Les anciens Polynésiens de Polynésie orientale ont eux aussi consommé des algues, aussi bien dans les Tuamotu qu’à Tahiti ou dans les autres archipels aux îles hautes. Etait-ce plus favorablement en période de disette qu’en période d’abondance ? Sans doute, comme nombre de mets secondaires de l’alimentation, sur lesquels nous reviendrons.




Mais il faut ajouter que l’offre restait intéressante pour la population : pas moins de 425 variétés (taxa)

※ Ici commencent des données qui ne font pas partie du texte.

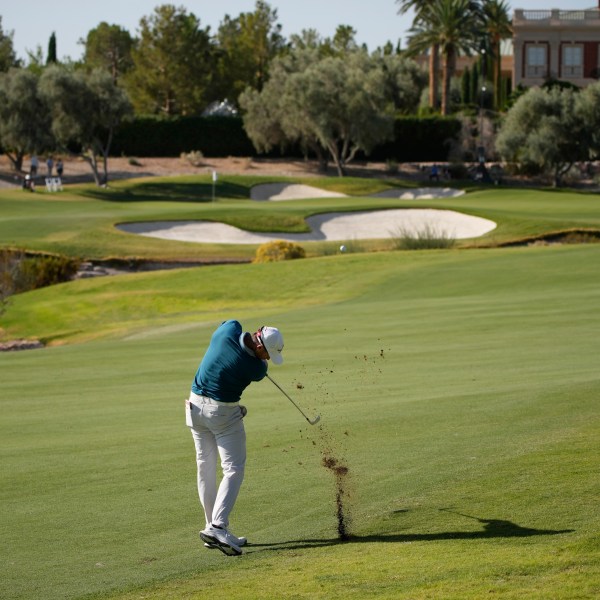 Ben Silverman hits on the third hole during the first round of Shriners Children's Open golf tournament Thursday, Oct. 17, 2024, in Las Vegas. (AP Photo/John Locher)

sont présentes en Polynésie orientale, et toutes, notamment aux Marquises, n’ont pas encore été identifiées

ou répertoriées. L’algue, aux Marquises, se dit imu. 6 sont toujours consommées sur l’île de Ua Huka, notamment l’algue imu-vai, (algue d’eau douce) et l’algue-mûre (imu tapaa), dans le sens qu’il faut la laisser

« mûrir » durant une journée avant de la manger. « Toutes ces algues sont consommées crues, directement sur le lieu de leur collecte à l’occasion de pêches ou de ramassages de coquillages par exemple, ou bien durant les repas. Elles sont alors pour la plupart arrosées d’un jus de citron auquel on ajoute d’ordinaire du lait de coco. » (Conte, Payri, p. 170).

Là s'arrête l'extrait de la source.